Most evenings, Tim and I eat late -- a product, mostly, of accomodating mealtimes to his evening teaching schedule.

So last night, we're watching Law and Order, and most of my anticipation is to see what Keir Dullea looks like these days -- I'm wondering how the artifical aging of "Dave" in 1968's 2001: A Space Odyssey matches up with time's handiwork.

This is why I am taken completely by surprise when I learn, during a commercial break, that next fall, there will be a television show that has the same title as my new book. Spontaneously, out comes the most famous of all F-words.

And here I thought I'd just have to deal with freakishly devoted Robert Louis Stevenson fans.
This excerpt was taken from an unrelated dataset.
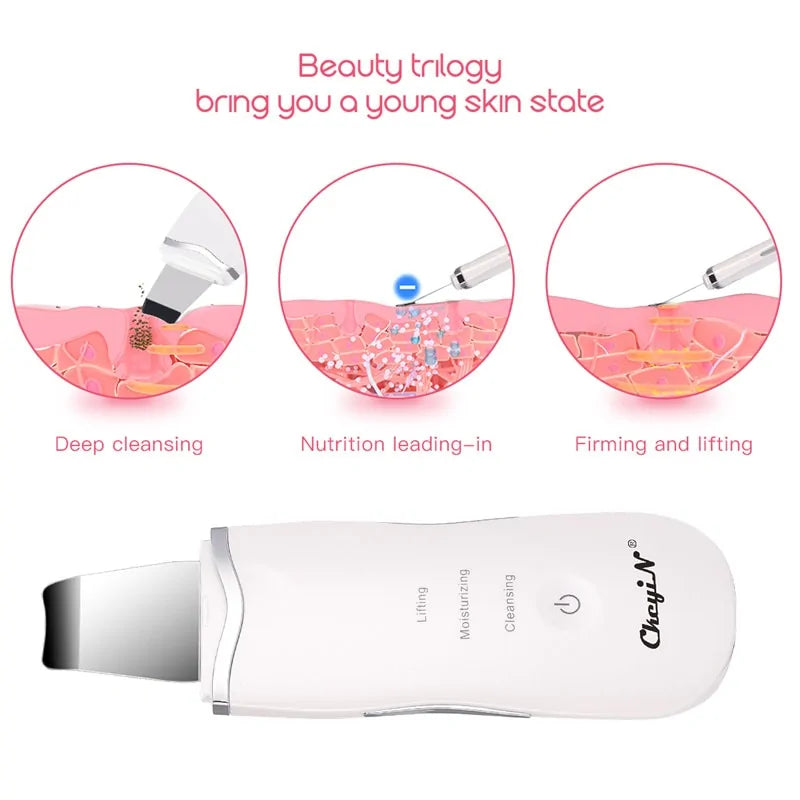 Ultrasonic Skin Scrubber + Skin Rejuvenation Nano Face Mist Steamer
I will live with it. But after what happened with Bones, and the bizarre circumstance of a screenwriter retitling a script for Nine as Bloodlines, I'm really starting to wonder....

10 comments:

Kent Morgan said...

Jan, I suspect Tim may have heard that word before in a hockey dressing room.

Sandra Ruttan said...

I've said it before, I'll say it again. Titles suck.

Anyone can steal them, imitate them, whatever.

Maybe a bunch of people will like the show, and thinking your book is tied to it, buy the book and become devoted fans? One can hope, right?

Jan said...

Kent, Tim assures me that use of the F-word is more prevalent on the ice, and is used in giving advice to the opposing players. Can this be true?

(Remembering that the first time I saw a pro game, a gentleman in the stands was knocked out cold by a puck shot into the stands during the team warm-up. The advice to the injured man from the people sitting just behind me? "Keep your f--king eyes open!")

Jan said...

Sandra, my hope at this point is that the show isn't ludicrous. Which is wrong thinking on my part, because that would probably make it a huge hit.

Laura said...

Jan,

I just found that Lily Shaara, one of THE Shaaras, is publishing a novel called Every Secret Thing. Granted, the title is not original to me. It was used on a well-received memoir. And No Good Deeds isn't original, either. (Well, the "s" is original.)

But as someone who published In Big Trouble the same month that Dave Barry published Big Trouble, I know that this is all survivable.

Jan said...

Laura, I will reflect on these things. And admit that I had to Google "Shaara." Yeah, felt like an idiot, but I did admit early on that I don't get out much.

aaron21 said...

Talking about Fox's new show? Most likely it won't even last a season. Fox and drama shows..heck anything not instant cash cow doesn't really stay on. Just how Fox is. Why they always have had the Reality tv shows to put Jerry Springer to shame.

So I wouldn't really worry about it. But, from what I hear it's going to be a pretty wierd, strange tv show. I don't know. I don't watch FOX so I won't be watching.

Not since they got rid of Tru Calling. Just don't sweat it.

Jan said...

Okay, Aaron. Good advice in any case!

aaron21 said...

There is also 15 tv shows with cop's and such themes on tv. That is Basic and Extended and Movie channels *Showtime and HBO*. So the likely hood of it surviving is slim. Especially, sincei t's on FOX. If it was FX I'd say something different.

Jan Burke said...

So what do you like to watch on FX, Aaron?